FJO: There were also pieces where you’d have certain pitches drop out over time. You’d begin with all these pitches, and eventually have way fewer.
BA: That was a modulating coding system designed just for Joan. It started with just the white notes on the piano from A to A, and then you kept decoding the same text, but you kept using one less letter from the alphabet until you ended up with just A-B-A-B-A-B, B-B-B-B. A-A-A-A. And AAAA.
FJO: This also sounds similar to what you did in a later piece that you wrote for solo ocarina called Preparation for the Dominant. You have a bunch of pitches in the beginning, but then fewer as time goes by. You have this sort of attrition of pitch.
BA: Do I?
FJO: That’s how it sounded when I heard it. I think it’s a very interesting idea, and I think it also sounds really good. There’s a rigor to it, but there’s also a freedom to it at the same time, which is maybe why Ashley didn’t think of it as a process. But the best processes are the ones that allow you to do your own thing with them.
BA: Yeah, like Schoenberg actually broke his own rules. I love that.
FJO: Exactly. And there are parallel fifths in Bach if you look hard enough for them.
FJO: Rules only get you so far, but then you need to make music with them. Maybe that’s something that the folks who were so obsessed with process-oriented music in the mid-century lost track of, the process is a means to an end, but not necessarily an end in and of itself.
BA: That sounds reasonable.
FJO: Well, it certainly seems to be the way that your music has played out.
BA: I like that.
FJO: I only know Joan from the keyboard version that’s on the Pogus CD of your music.
BA: Which had one performance consequently.
FJO: But there was also the performance at Cabrillo of the original version.
BA: KPFA has a recording, and probably Other Minds has it now, because Charles Amirkhanian was in charge of all that. They also have the original She Wrote from Gertrude Stein’s 100th birthday concert in ’74. I was complaining online recently, “This should be somewhere, and I’ll never hear it again.” And Charles wrote me back and said, “Oh! Cut it out. I’ve got it. You can hear it by clicking here.” They probably have Joan somewhere, too.

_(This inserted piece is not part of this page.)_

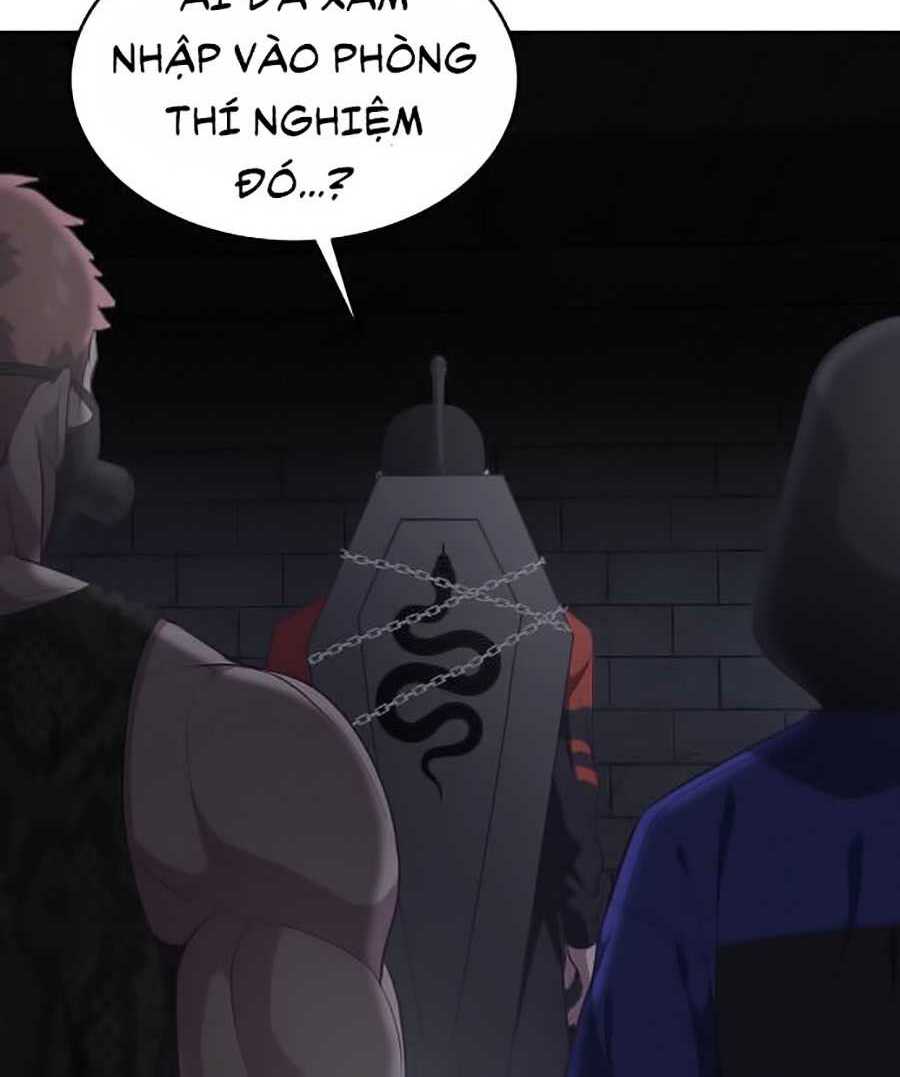Cậu bé của thần chết chapter 78 - Upload bởi truyensieuhay.com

FJO: It would be so great for that to be out in the world.
BA: Well, you know, it is kind of afflicted by those naked guys, the timpani players, that ran through the middle of it and made the whole audience laugh and carry on. The idea that the critic Robert Commanday thought that that was something in the piece was particularly bizarre.

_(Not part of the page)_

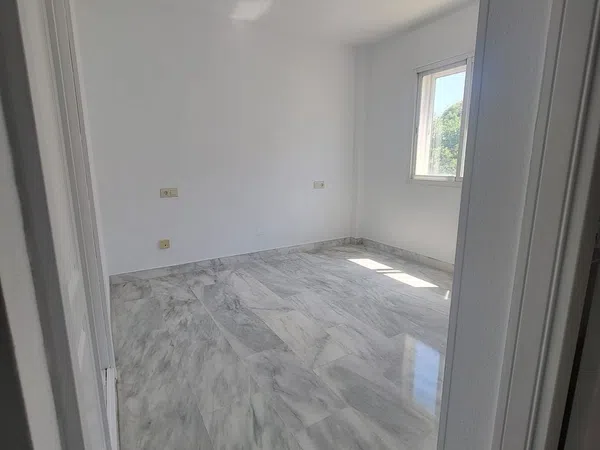 Piso en Calle Jacinto Benavente, 11, Ricardo Soriano - Foto 9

FJO: Well, how would he know?
BA: I don’t know. Everybody else talked to me—the man from the Santa Cruz Sentinel, as well as the critic from the Tribune. So they knew. But Commanday didn’t ask. He was a don’t ask, don’t tell kind of guy.
FJO: There has been this crazy idea in music criticism that if you talk to the musicians performing a piece or the composer, you’re somehow tainted and you’re going to be influenced so you’re not going to have objective criticism.
BA: I hate that.
FJO: And heaven forbid you’re friends with these people, or worse, that you actually perform or compose music yourself.

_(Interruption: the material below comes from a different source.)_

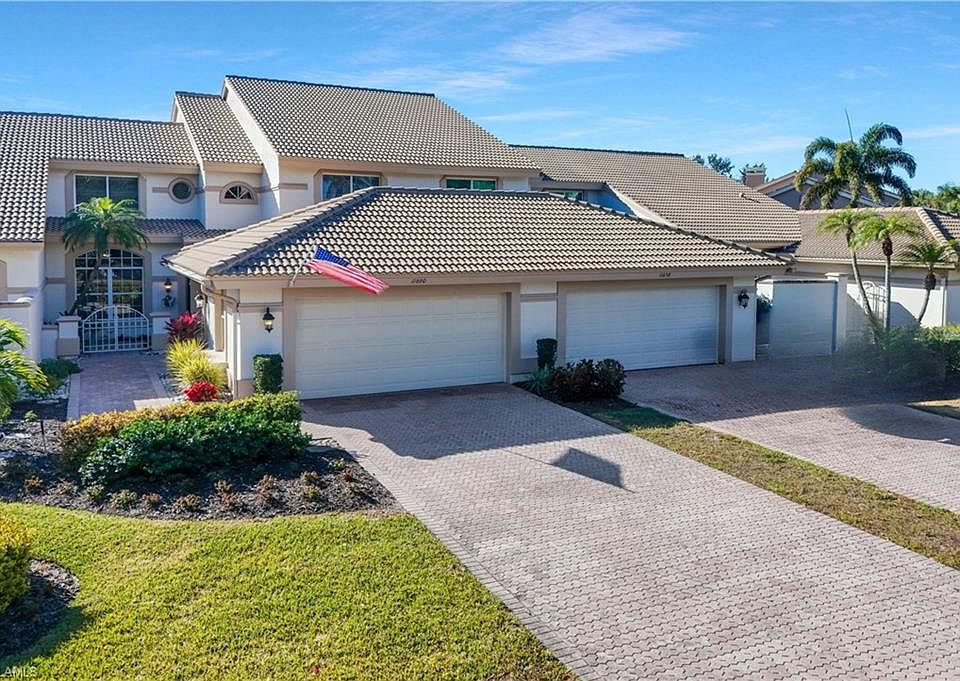 1st image of 11660 Quail Village WAY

BA: Or that you actually know something about it. Now you’re supposed to have a degree in American studies, and you’re supposed to have a general drift of the culture, but you’re not supposed to actually know anything about it. I think that’s appalling. I loved it when Eric Salzman and Virgil Thomson, people who actually wrote music, wrote music criticism. You would know what their biases were, because you’d go listen to their own music. And you could see it. But if you have somebody that has a degree in sociology writing about music, then you don’t even know that their favorite composer is Philip Glass. I used to think that they should list their favorite composers at the top of their columns, so that you would know. Well, if they like this, this, and this, then there’s no big surprise that they didn’t like that. I thought it would be very helpful. But the only way you could get that sense of bias would be to read them for a long time. Then you would see over time what they liked, and what they didn’t like. But I don’t think that there’s a lot of purity.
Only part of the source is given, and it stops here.